New York Marble Cemetery (digital)

One of the oldest cemeteries in the city lies hidden within the block bounded by the Bowery, East 3rd, East 2nd, and Second Avenue. We walked by last Sunday, and the gate was open, so we went in. There are no traditional graves or headstones. Under the grass are vaults, and the names of the deceased are on stone tablets set in the walls of the cemetery. In many places the walls are crumbling, and despite the landmark status of the site, it remains a vulnerable piece of Lower East Side history.

Thursday, June 26, 2008

New York/Princeton


Historical Studies/Social Science Library • Wallace Harrison (digital)

While photographing a new building at the Institute for Advanced Study in Princeton, I walked around the campus at lunch time, and took snapshots of two architectural gems, one by Robert Geddes (see earlier post and the other by Wallace K. Harrison.

Historical Studies/Social Science Library (digital)


Historical Studies/Social Science Library (digital)

The two groupings of buildings are directly adjacent to each other--the Harrison designed Historical Studies/Social Science Library was completed in 1964, and the Geddes complex a few years later. But stylistically, they are further apart. Both the brutalism of Geddes and the lighter/whiter neo-classicim of Harrison (and other architects like Phillip Johnson and Edward Durell Stone) were reactions to the dominate Miesian school of architecture.


Historical Studies/Social Science Library (digital)

One rarely finds the two styles side by side as they would seem to be incompatible. Here in Princeton, however, there is an architectural dialog between the two schools of thought, brought together in part by the integration of landscape and architecture.

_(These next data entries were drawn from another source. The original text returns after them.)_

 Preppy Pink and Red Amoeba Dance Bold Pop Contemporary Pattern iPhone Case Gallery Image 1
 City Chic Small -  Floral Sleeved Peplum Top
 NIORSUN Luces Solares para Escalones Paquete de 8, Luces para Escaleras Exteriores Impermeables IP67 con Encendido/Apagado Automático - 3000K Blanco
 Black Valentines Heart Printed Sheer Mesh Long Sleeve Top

See the post below for the Geddes buildings.

Sunday, June 22, 2008

New York/Princeton


Institute for Advanced Study • Princeton, New Jersey (digital)

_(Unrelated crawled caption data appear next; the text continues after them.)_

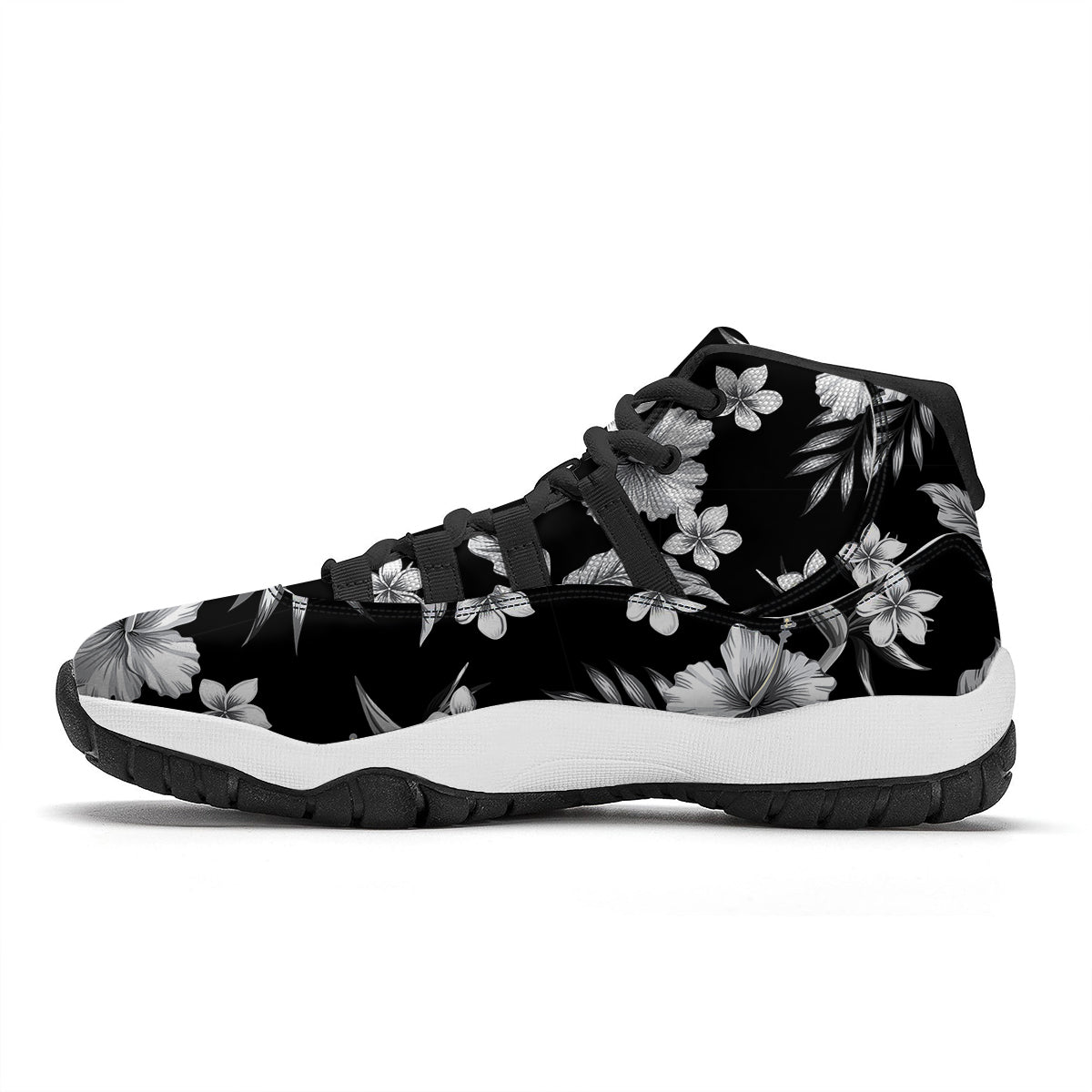 Frangipani White And Black Print Pattern Black Bball Shoes-grizzshop
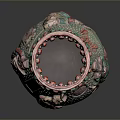 Colorful Traditional Ceramic Sculpture Vase With Intricate Carvings Figures Fortune Motifs And Beads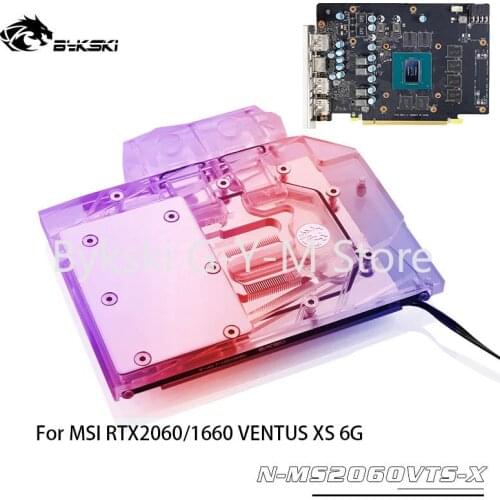 Bykski GPU Water Block For MSI RTX2060/1660 VENTUS XS 6G Graphics Card Cooler ,Water Cooling Full Coverage Block N-MS2060VTS-X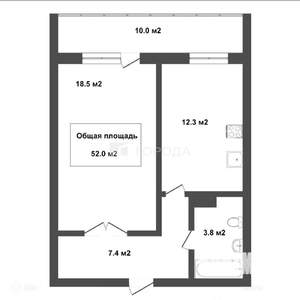 1-к квартира, вторичка, 52м2, 11/16 этаж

I've been down to Princeton a number of times to photograph a new building extension at the Institute for Advanced Study, a research center near Princeton University. It is, perhaps, best known for its former illustrious faculty member, Albert Einstein.


Dining Hall • designed by Robert Geddes (digital)

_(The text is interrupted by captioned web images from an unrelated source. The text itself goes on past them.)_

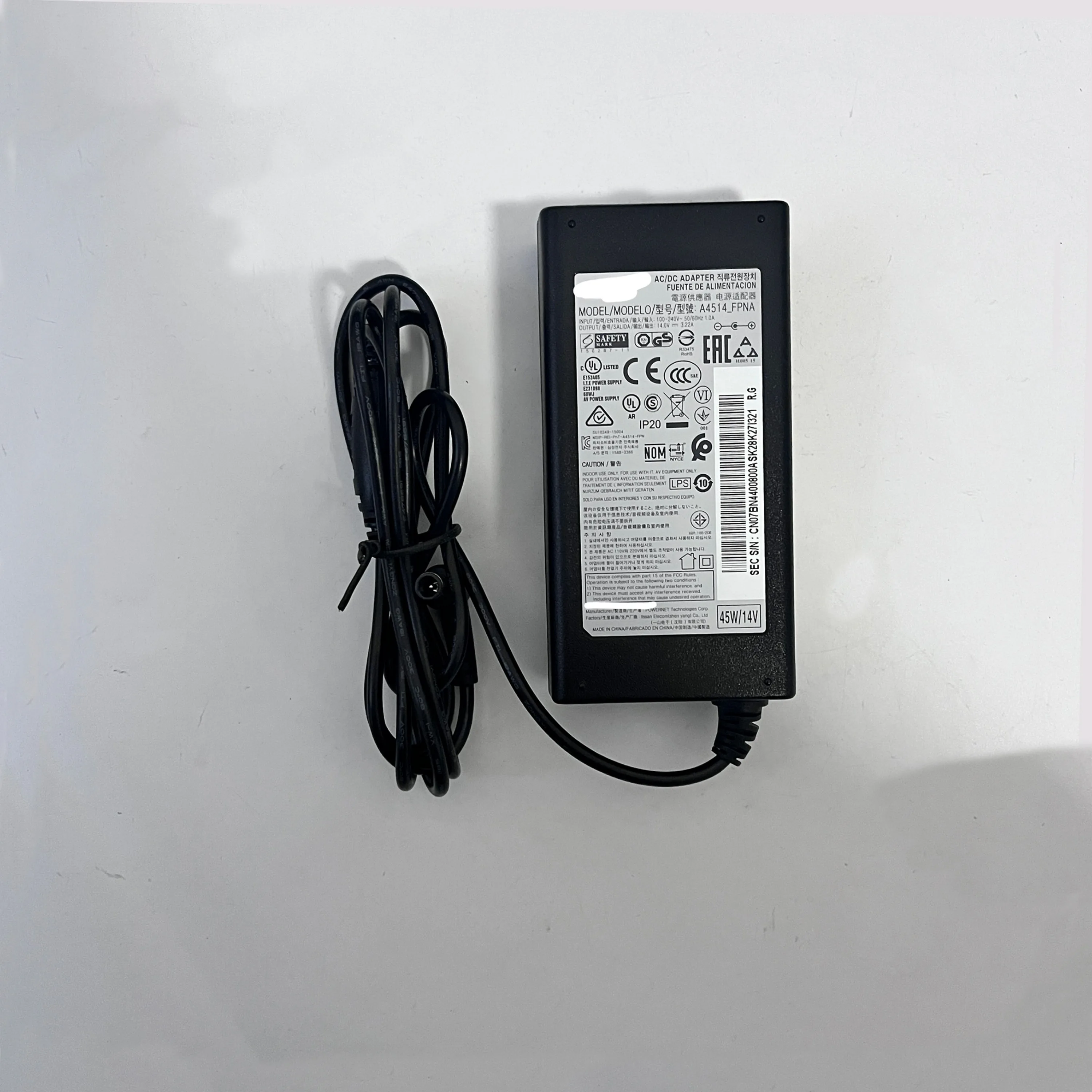 Original Display AC/DC Adapter Power Supply BN44-00800A A4514_FPNA HW-J6001/ZF 14V 3.22A 45W Monitor Power Supply Charger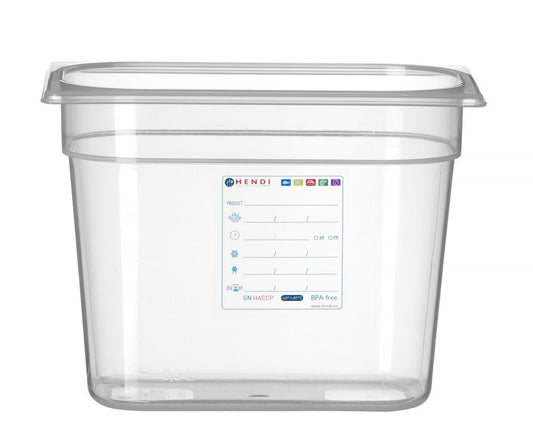 Bac Gastronorme 1/4, HENDI, GN 1/4, 5,5L, Transparent, 265x162x(H)200mm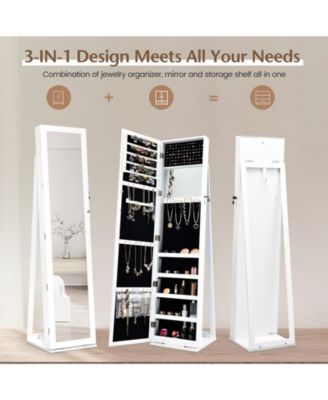 Standing Lockable Jewelry Storage Organizer with Full-Length Mirror-White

I haven't presented my pictures to the client yet, so I'll hold off showing them for now. But while there I walked around the IAS campus and discovered remarkable buildings by architects Robert Geddes and Wallace K. Harrison. Harrison, part of the firm Harrison, Abramovitz & Harris, which designed the Metropolitan Opera in Lincoln Center and a number of bland international style skyscrapers in Manhattan in the '60s, here created something sublime. Pictures to come.


West Building • Robert Geddes (digital)

Geddes designed a dining hall and adjacent academic building with birch garden in between in a style that is commonly referred to (unfortunately) as brutalism. The term has more to do with the use of rough concrete than of anything pejoratively brutal, but the public has readily attached the "brutal" misnomer to these often unloved buildings. The Geddes complex of buildings, however, is a relatively unknown masterpiece melding hard structure with soft landscape.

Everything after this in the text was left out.